Clearly the team has coped admirably without the kind of build script I’m trying to put together, so it’s hardly essential. However I personally feel uncomfortable developing without such a tool available to quickly run through a build and deployment so that I could do some local system-level testing [2]. I like to refactor heavily and for me to have confidence in the changes I’m making I like to have the tools readily available otherwise I’m tempted not to bother.

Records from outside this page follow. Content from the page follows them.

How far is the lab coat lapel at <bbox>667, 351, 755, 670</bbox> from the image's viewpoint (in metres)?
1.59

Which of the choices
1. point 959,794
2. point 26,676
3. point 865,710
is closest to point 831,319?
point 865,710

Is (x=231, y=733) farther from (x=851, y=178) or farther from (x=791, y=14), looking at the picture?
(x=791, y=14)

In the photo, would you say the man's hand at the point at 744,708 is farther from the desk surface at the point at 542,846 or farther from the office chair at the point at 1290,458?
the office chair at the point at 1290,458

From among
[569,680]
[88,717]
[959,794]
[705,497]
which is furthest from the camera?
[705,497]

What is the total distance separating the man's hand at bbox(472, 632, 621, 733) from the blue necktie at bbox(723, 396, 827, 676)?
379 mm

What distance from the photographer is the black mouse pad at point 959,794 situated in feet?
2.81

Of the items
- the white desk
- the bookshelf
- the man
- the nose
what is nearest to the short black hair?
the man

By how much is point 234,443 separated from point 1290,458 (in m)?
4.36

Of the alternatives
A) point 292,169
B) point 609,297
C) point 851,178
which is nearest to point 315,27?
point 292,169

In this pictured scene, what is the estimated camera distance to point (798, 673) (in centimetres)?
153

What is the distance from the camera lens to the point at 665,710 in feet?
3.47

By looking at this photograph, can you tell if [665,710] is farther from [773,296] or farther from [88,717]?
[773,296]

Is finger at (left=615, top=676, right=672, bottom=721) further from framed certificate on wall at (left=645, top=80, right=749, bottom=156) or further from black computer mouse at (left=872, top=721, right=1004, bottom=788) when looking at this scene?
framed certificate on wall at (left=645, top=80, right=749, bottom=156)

As to whether the pipeline is more maintainable or not by leveraging the automation tools to do more of the work remains to be seen. I’m certainly looking forward to seeing how this team structure plays out and in the meantime I may learn to trust modern build tools a bit more and perhaps let go of one or two old fashioned responsibilities in the process.

 

[1] When I first got to use Jenkins I wondered how easy it would be to keep the tool’s configuration in the VCS - it’s trivial. I wrote a simple script to use xcopy /s to copy the config.xml files from the Jenkins folder into a suitable folder in our repo and then check it in. Whilst this is not the entire Jenkins configuration it would be enough to help us get a replacement Jenkins instance up and running quickly, which is one of the reasons for doing it.

[2] Sadly the current setup relies on shared infrastructure, e.g. databases and message queues so there is still some work to do if total isolation is to be achieved.